12. Given the limited range of business activities conducted by the 2006 Partnership, the short duration of its existence and the nature of the investment, the Decision Makers granted relief from the requirements for preparation and distribution of an AIF to the 2006 Partnership on June 15, 2006.
13. Given the limited range of business activities conducted by the 2007 Partnership and the Future Partnerships, the short duration of their existence and the nature of the investment, the preparation and distribution of an AIF by the 2007 Partnership and the Future Partnerships will not be of any benefit to their limited partners and may impose a material financial burden on the 2007 Partnership and the Future Partnerships. Upon the occurrence of any material change to the 2007 Partnership and the Future Partnerships, Limited Partners and investors in Future Partnerships would receive all relevant information from the material change reports the 2007 Partnership and Future Partnerships are required to file with the Decision Makers.
14. As a result of the implementation of NI 81-106, investors purchasing units of the Partnerships were provided with a prospectus containing written policies on how the securities held by the Partnerships are voted (the Proxy Voting Policies), and had the opportunity to review the Proxy Voting Policies before deciding whether to invest in units of the Partnerships.

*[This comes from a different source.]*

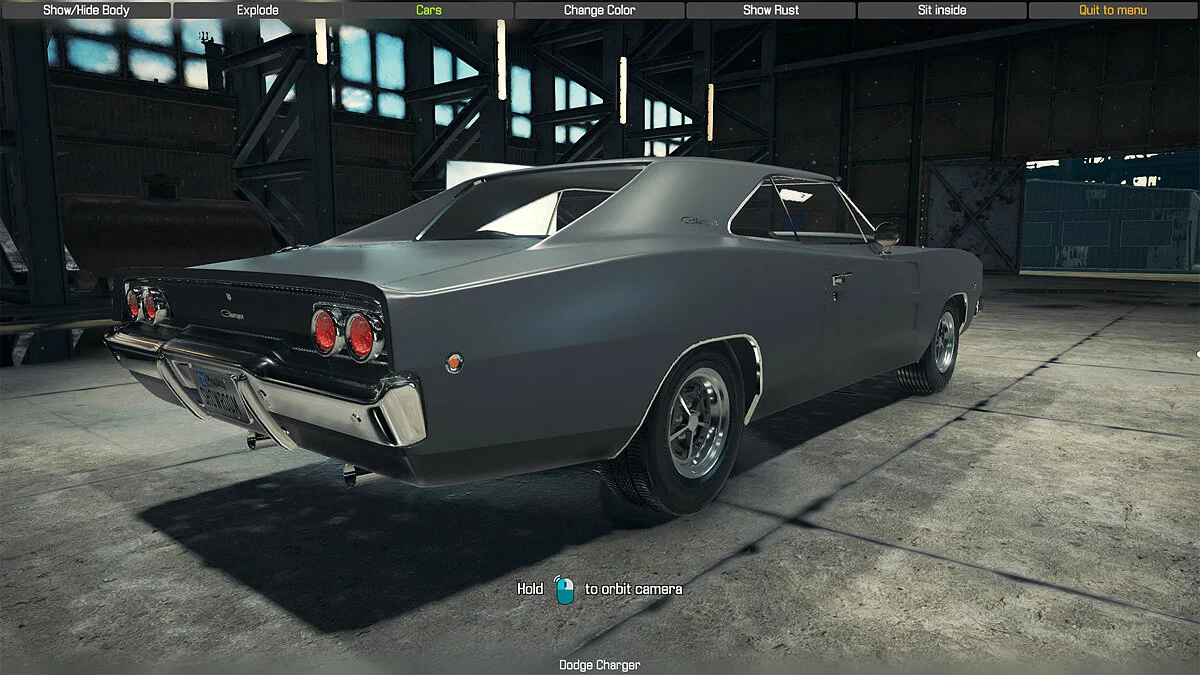 Скриншоты из Car Mechanic Simulator 2018 / Картинка 23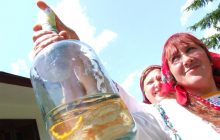 Налог на самогон. Как первачок не дает покоя депутатам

Future Partnerships will provide similar disclosure in respect of their proxy voting policies.
15. The Proxy Voting Policies require that the Partnerships exercise their voting rights in respect of securities in a manner consistent with the best interests of the Limited Partners. The proxy voting policies for Future Partnerships will be structured in a similar fashion.
16. Given the short lifespan of the Partnership Filers, the production of a Proxy Voting Record would provide Limited Partners and investors in Future Partnerships, with very little opportunity for recourse if they disagreed with the manner in which the Partnerships or Future Partnerships exercised or failed to exercise its proxy voting rights, as the Partnerships or Future Partnerships would likely be dissolved by the time any change could materialize.
17. Preparing and making available to Limited Partners, or investors in Future Partnerships a Proxy Voting Record will not be of any benefit to Limited Partners, or investors in Future Partnerships, and may impose a material financial burden on the Partnership Filers.
Each of the Decision Makers is satisfied that the test contained in the Legislation that provides the Decision Maker with the jurisdiction to make the decision has been met.
The decision of the Decision Makers under the Legislation is that the Requested Relief is granted.